After working on setting ground rules for negotiations for six weeks, the union abandoned draft rules and proposed a new set of rules, which the university interpreted as too constraining.
“Ultimately, it was not until August 27, 2021, three months after negotiations on ground rules began, that the teams were able to agree on the basic parameters of negotiations,” the university’s filing with the labor board reads.
The two sides have met for dozens of bargaining sessions over the course of the last year.
“Overall, the bargaining history demonstrates that the university was consistently responsive in offering their own bargaining proposals and responding to the United Academics’ proposals over the course of 42 bargaining sessions, including the two mediated negotiations, in the span of approximately eight months, particularly in light of the fact that United Academics put forth 182 separate, substantive proposed changes to the contract impacting 121 different sections of the contract,” the filing with the labor board reads.
“By comparison, UA proposed only 12 substantive changes. Considering the pace and extent which United Academics was proposing changes, the university met their obligations to respond and bargain in good faith.”
The union, which represents about 1,000 faculty throughout the UA system, holds that the Board of Regents and President Pat Pitney “unilaterally and illegally” declared an impasse in May.
Much of UA’s filing to the labor board provides its justification for declaring an impasse.
The union has sought concessions with respect to workload, job security and the meaning of academic freedom, but compensation is the main area of contention, according to the recent filing to the labor board.
Faculty have received only one raise of 1% over the last five years. The average annual salary for a United Academics member is $86,000.

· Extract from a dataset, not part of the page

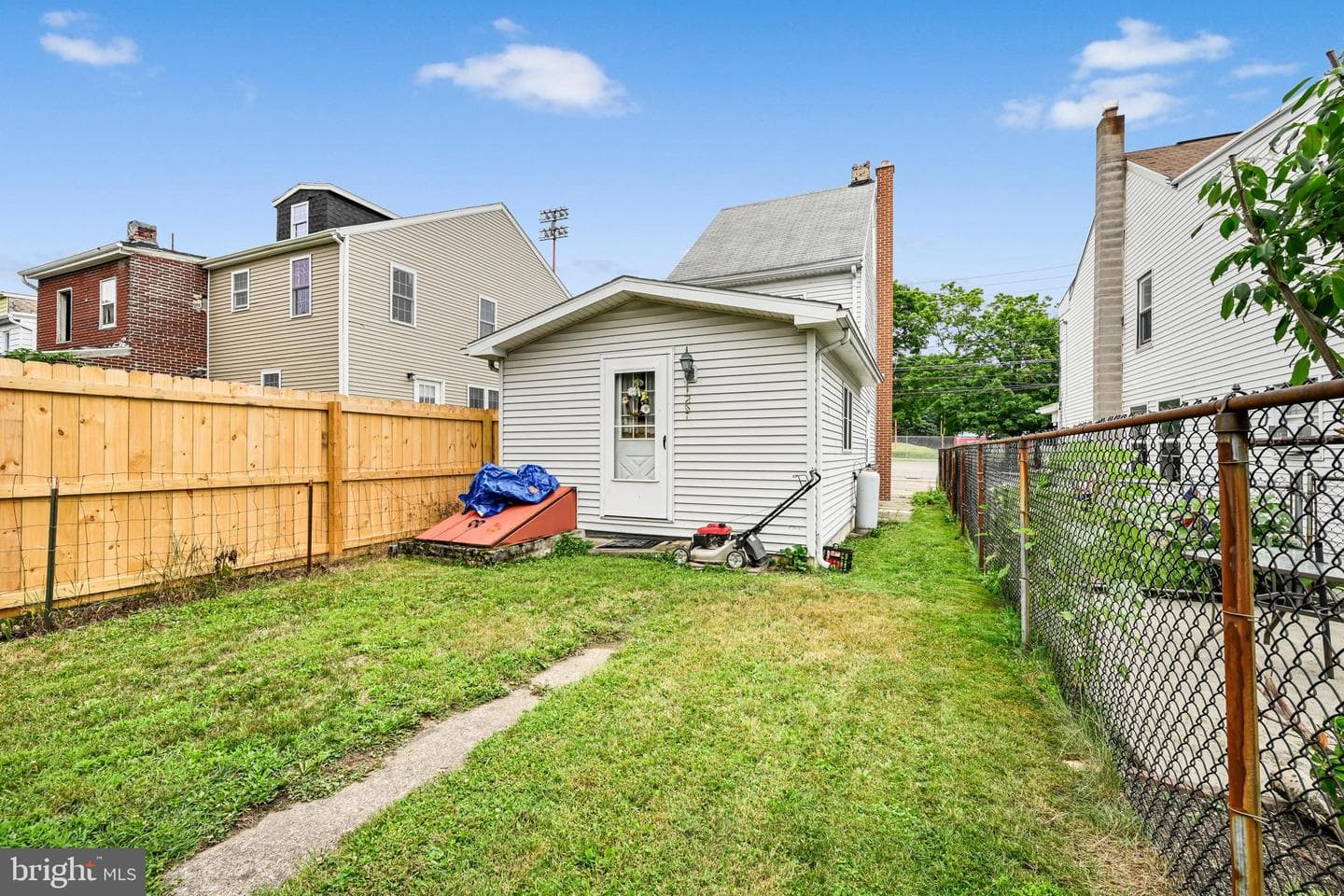 212 N Nichols Street photo 25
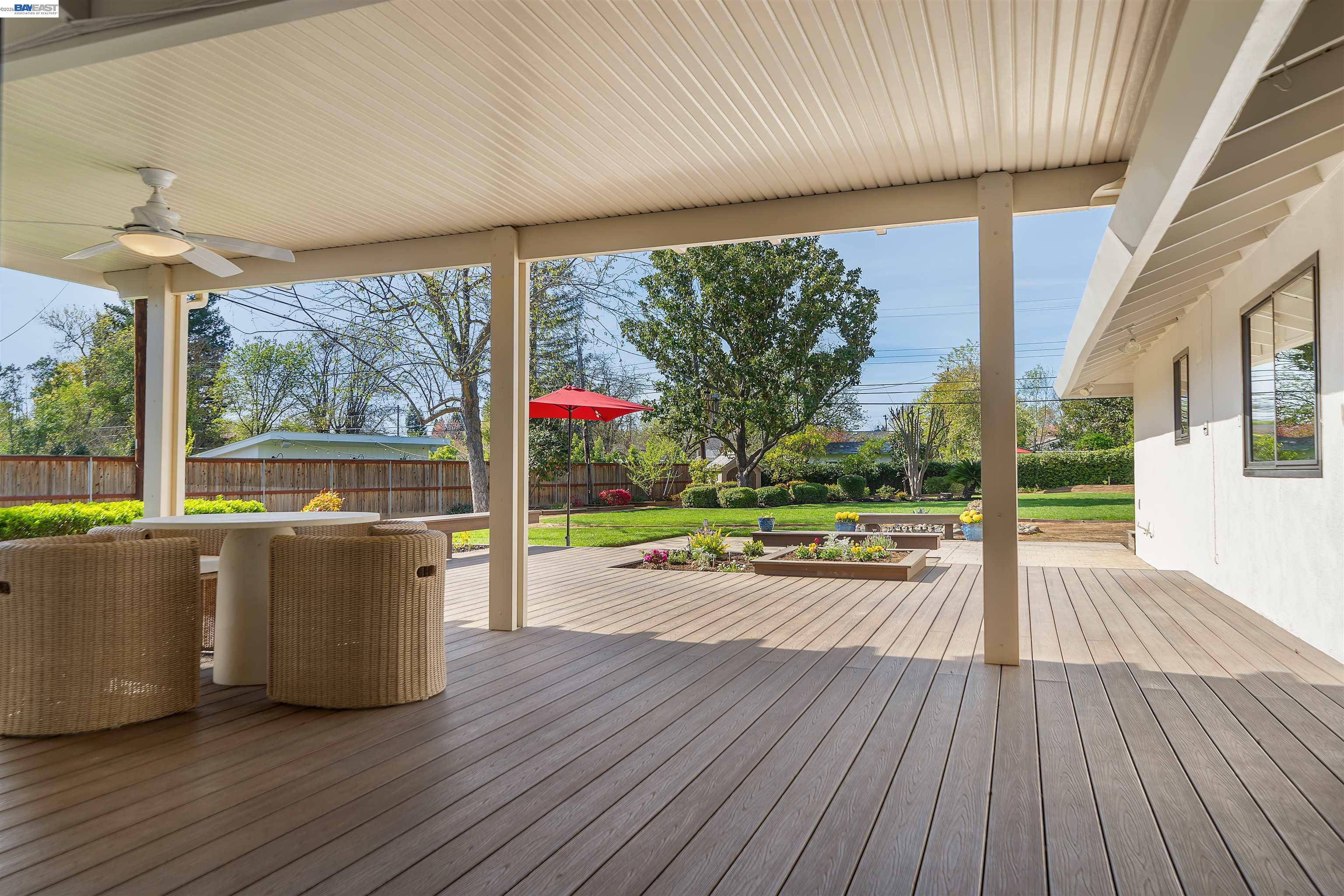 Detail Gallery Image 18 of 52 For 1121 El Sur Way, Sacramento,  CA 95864 - 6 Beds | 4 Baths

The union’s salary requests are coming in too high for university leaders, who must convince the Legislature to approve monetary terms of negotiated agreements.
The university holds that its complaint to the Alaska Labor Relations Agency was necessary “to ensure that the entire context of the negotiations process — not just UNAC’s selective snapshot — is before the hearing officer so that the ALRA may fairly decide the issues raised by the parties,” the university’s news release on Friday reads.